··· Recorded data
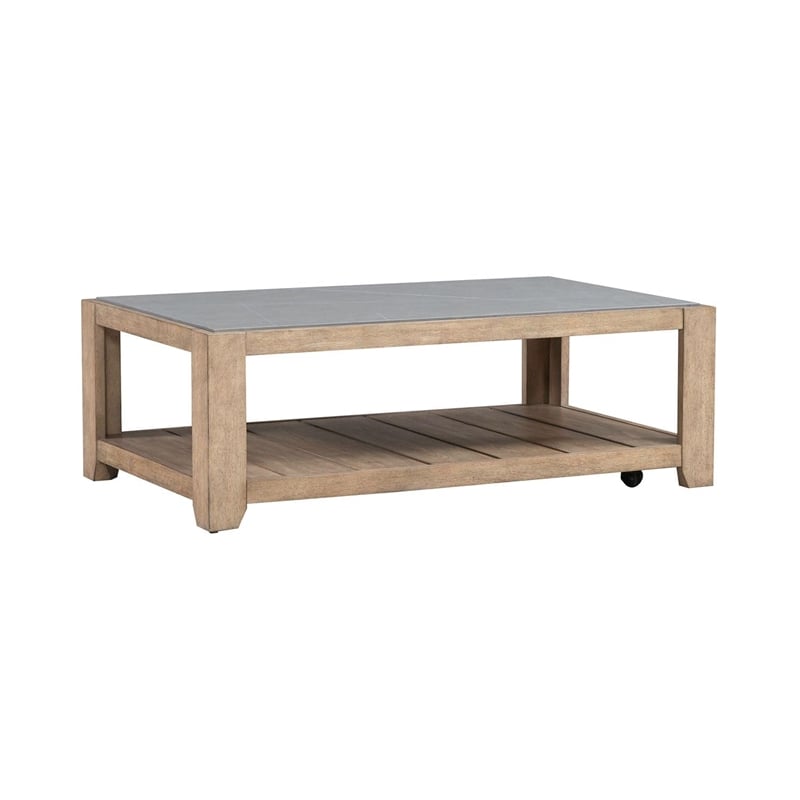 Liberty Furniture Millstone 3 Piece Living Room Table Set - Brown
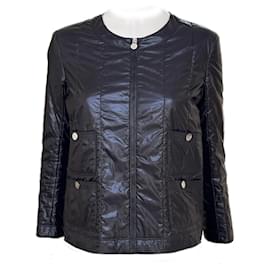 Chanel-CC Buttons Black Timeless Puffer Jacket 34 FR-Black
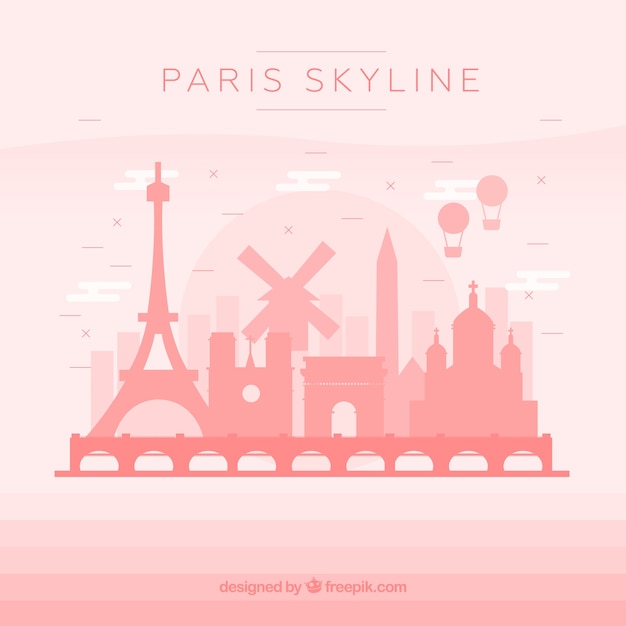 Różowa linia horyzontu Paris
······
### What you need to do
Images are to be omitted; repeat the remaining data above exactly.

### Response to the exercise
 Liberty Furniture Millstone 3 Piece Living Room Table Set - Brown
 Chanel-CC Buttons Black Timeless Puffer Jacket 34 FR-Black
 Różowa linia horyzontu Paris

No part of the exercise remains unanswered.